Your function should do the following:

* Read the US_Constitution.txt file inside the some_data folder
* Split this into chunks (you choose the size)
* Write this to a ChromaDB Vector Store
* Use Context Compression to return the relevant portion of the document to the question

In [9]:
# Build a sample vectorDB
from langchain.vectorstores import Chroma
from langchain_openai import ChatOpenAI, OpenAIEmbeddings
from langchain.document_loaders import TextLoader
from langchain.text_splitter import CharacterTextSplitter
from langchain.retrievers import ContextualCompressionRetriever
from langchain.retrievers.document_compressors import LLMChainExtractor 

from dotenv import load_dotenv
load_dotenv()


True

In [14]:
text_loader = TextLoader("./some_data/US_Constitution.txt")
document = text_loader.load()

In [15]:
text_splitter = CharacterTextSplitter.from_tiktoken_encoder(chunk_size=250)
docs = text_splitter.split_documents(document)

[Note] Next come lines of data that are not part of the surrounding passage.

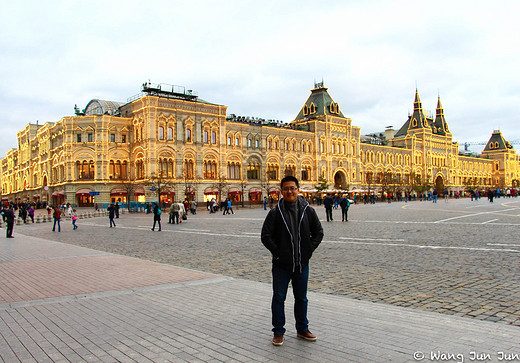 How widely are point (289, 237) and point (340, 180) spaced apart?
80.9m

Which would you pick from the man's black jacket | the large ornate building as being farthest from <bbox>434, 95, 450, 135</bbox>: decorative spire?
the man's black jacket

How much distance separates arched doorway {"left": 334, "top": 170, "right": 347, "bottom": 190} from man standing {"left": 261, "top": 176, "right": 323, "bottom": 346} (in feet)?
259

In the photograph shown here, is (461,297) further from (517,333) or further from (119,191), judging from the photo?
(119,191)

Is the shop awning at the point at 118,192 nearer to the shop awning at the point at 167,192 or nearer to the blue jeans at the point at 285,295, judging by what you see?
the shop awning at the point at 167,192

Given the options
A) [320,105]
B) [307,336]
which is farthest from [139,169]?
[307,336]

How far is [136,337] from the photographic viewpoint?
5441mm

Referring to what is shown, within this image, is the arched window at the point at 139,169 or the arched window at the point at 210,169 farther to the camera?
the arched window at the point at 210,169

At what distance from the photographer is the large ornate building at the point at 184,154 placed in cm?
6012

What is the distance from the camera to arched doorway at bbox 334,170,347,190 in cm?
8350

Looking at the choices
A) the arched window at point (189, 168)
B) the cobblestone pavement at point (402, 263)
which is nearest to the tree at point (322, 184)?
the arched window at point (189, 168)

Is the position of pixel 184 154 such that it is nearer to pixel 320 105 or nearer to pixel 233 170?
pixel 233 170

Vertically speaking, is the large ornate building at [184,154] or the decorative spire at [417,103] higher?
the decorative spire at [417,103]

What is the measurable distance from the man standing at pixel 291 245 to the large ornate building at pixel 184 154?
50650 mm

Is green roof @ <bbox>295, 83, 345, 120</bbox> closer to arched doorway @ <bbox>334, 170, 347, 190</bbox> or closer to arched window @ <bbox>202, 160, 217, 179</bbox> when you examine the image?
arched doorway @ <bbox>334, 170, 347, 190</bbox> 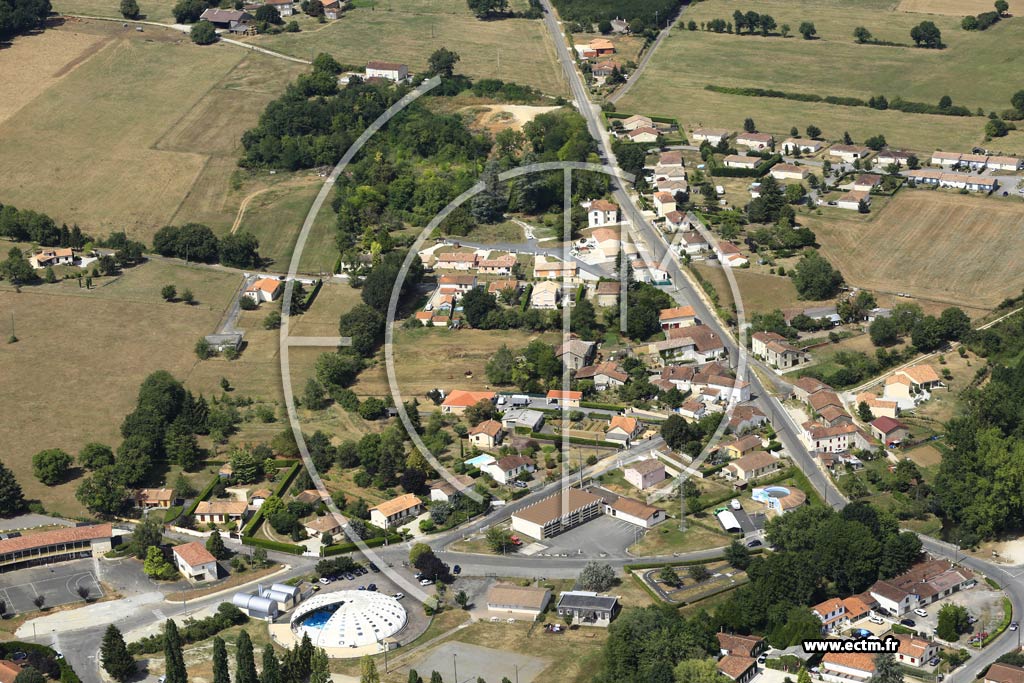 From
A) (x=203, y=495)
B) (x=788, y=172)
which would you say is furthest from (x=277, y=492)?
(x=788, y=172)

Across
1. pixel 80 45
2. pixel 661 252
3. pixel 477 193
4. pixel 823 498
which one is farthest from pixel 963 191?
pixel 80 45

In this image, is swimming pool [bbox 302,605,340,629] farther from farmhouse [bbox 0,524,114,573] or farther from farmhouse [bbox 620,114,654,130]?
farmhouse [bbox 620,114,654,130]

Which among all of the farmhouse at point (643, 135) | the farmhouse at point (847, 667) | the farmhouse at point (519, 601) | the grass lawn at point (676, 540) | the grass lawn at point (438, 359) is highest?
the farmhouse at point (847, 667)

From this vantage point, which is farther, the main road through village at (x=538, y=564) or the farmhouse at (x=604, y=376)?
the farmhouse at (x=604, y=376)

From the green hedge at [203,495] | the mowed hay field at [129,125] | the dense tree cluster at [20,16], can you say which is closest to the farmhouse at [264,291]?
the mowed hay field at [129,125]

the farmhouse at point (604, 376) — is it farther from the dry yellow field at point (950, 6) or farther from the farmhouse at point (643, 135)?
the dry yellow field at point (950, 6)

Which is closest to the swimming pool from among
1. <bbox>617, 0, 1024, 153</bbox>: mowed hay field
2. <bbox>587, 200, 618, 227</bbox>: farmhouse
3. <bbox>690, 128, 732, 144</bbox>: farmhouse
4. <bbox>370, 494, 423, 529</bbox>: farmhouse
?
<bbox>370, 494, 423, 529</bbox>: farmhouse

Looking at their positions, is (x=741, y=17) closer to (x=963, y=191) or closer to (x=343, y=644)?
(x=963, y=191) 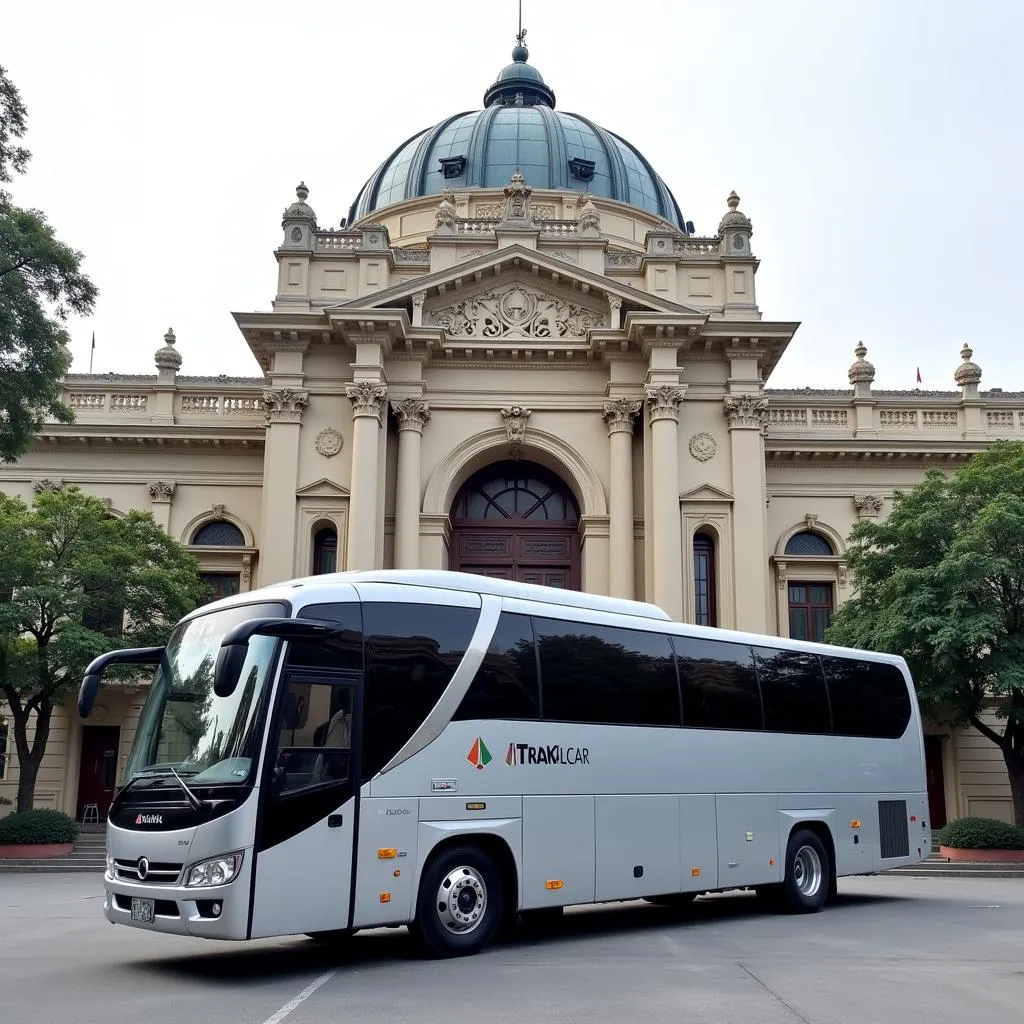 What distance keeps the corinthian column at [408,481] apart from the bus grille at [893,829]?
15.6m

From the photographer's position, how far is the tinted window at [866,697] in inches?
606

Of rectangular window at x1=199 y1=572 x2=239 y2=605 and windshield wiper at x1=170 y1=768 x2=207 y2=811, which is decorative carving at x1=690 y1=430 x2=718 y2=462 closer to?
rectangular window at x1=199 y1=572 x2=239 y2=605

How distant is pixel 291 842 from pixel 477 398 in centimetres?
2243

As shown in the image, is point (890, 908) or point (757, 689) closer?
point (757, 689)

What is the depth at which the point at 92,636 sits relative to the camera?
83.0 feet

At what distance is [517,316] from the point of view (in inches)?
1243

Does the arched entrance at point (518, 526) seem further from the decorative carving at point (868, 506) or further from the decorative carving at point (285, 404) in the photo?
the decorative carving at point (868, 506)

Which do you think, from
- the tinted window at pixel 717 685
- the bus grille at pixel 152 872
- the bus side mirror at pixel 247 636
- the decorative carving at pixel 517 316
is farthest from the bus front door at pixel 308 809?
the decorative carving at pixel 517 316

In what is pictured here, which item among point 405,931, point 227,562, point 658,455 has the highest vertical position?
point 658,455

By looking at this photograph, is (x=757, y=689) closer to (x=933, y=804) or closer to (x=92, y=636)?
(x=92, y=636)

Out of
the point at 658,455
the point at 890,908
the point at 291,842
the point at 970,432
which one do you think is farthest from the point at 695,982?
the point at 970,432

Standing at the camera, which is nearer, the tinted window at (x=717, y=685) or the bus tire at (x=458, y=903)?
the bus tire at (x=458, y=903)

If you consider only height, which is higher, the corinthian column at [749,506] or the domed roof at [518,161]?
the domed roof at [518,161]

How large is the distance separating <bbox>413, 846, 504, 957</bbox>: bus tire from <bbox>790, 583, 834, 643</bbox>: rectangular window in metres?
22.9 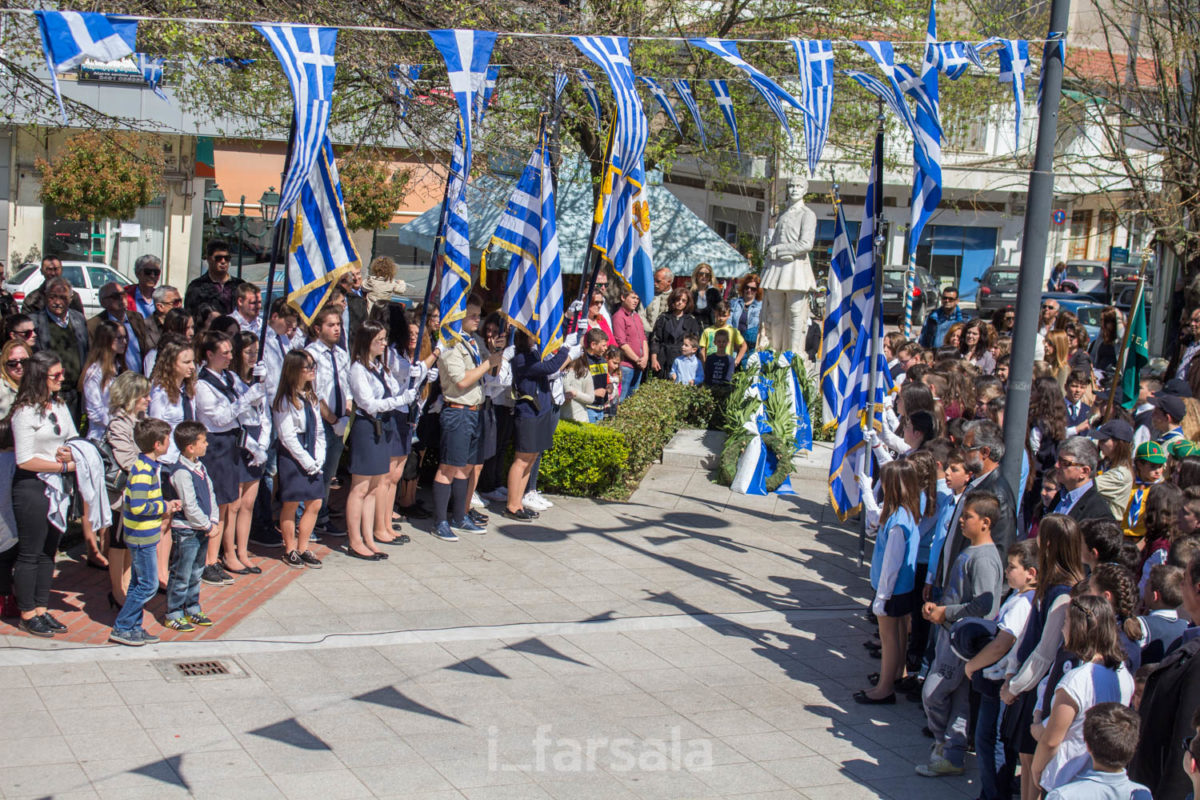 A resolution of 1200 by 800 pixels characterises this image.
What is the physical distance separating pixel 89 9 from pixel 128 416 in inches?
163

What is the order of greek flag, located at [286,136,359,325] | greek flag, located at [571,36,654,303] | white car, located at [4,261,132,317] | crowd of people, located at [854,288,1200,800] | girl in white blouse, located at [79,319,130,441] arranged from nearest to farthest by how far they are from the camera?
crowd of people, located at [854,288,1200,800] < girl in white blouse, located at [79,319,130,441] < greek flag, located at [571,36,654,303] < greek flag, located at [286,136,359,325] < white car, located at [4,261,132,317]

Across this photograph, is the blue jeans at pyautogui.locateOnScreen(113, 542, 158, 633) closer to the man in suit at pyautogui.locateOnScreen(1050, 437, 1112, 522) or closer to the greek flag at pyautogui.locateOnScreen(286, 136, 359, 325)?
the greek flag at pyautogui.locateOnScreen(286, 136, 359, 325)

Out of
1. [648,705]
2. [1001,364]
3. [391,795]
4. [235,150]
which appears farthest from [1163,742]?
[235,150]

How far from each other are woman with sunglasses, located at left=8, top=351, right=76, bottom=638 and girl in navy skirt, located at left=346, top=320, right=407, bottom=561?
7.72 feet

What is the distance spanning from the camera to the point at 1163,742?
15.8 ft

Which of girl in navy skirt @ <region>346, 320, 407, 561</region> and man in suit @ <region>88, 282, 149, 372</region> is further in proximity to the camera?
man in suit @ <region>88, 282, 149, 372</region>

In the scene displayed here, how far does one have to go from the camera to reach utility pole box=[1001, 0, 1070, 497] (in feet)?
24.6

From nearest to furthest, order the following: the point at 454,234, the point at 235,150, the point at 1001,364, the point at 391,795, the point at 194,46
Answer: the point at 391,795 < the point at 454,234 < the point at 194,46 < the point at 1001,364 < the point at 235,150

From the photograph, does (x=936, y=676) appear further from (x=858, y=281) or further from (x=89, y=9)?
(x=89, y=9)

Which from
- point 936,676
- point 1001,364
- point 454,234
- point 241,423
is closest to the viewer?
point 936,676

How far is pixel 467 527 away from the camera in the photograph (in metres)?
10.5

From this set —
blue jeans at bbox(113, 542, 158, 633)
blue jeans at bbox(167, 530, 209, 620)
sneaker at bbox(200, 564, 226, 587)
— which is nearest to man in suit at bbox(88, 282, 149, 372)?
sneaker at bbox(200, 564, 226, 587)

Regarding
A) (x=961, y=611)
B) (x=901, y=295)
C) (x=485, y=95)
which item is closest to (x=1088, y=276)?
(x=901, y=295)

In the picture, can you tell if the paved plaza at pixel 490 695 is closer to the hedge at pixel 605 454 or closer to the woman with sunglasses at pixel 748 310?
the hedge at pixel 605 454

Created a chunk of size 252, which is longer than the specified 250
Created a chunk of size 333, which is longer than the specified 250
Created a chunk of size 472, which is longer than the specified 250
Created a chunk of size 312, which is longer than the specified 250


In [17]:
embedding_function = OpenAIEmbeddings()
db_conn = Chroma.from_documents(docs, embedding_function, persist_directory="./us_constitution.db")

In [22]:
def us_constitution_helper(question):
    '''
    Takes in a question about the US Constitution and returns the most relevant
    part of the constitution. Notice it may not directly answer the actual question!
    
    Follow the steps below to fill out this function:
    '''
    # PART ONE:
    # LOAD "some_data/US_Constitution in a Document object
    text_loader = TextLoader("./some_data/US_Constitution.txt")
    document = text_loader.load()
    
    # PART TWO
    # Split the document into chunks (you choose how and what size)
    text_splitter = CharacterTextSplitter.from_tiktoken_encoder(chunk_size=350)
    docs = text_splitter.split_documents(document)
    
    # PART THREE
    # EMBED THE Documents (now in chunks) to a persisted ChromaDB
    embedding_function = OpenAIEmbeddings()
    db_conn = Chroma.from_documents(docs, embedding_function, persist_directory="./us_constitution.db")

    # PART FOUR
    # Use ChatOpenAI and ContextualCompressionRetriever to return the most
    # relevant part of the documents.
    llm = ChatOpenAI(temperature=0)
    compressor = LLMChainExtractor.from_llm(llm)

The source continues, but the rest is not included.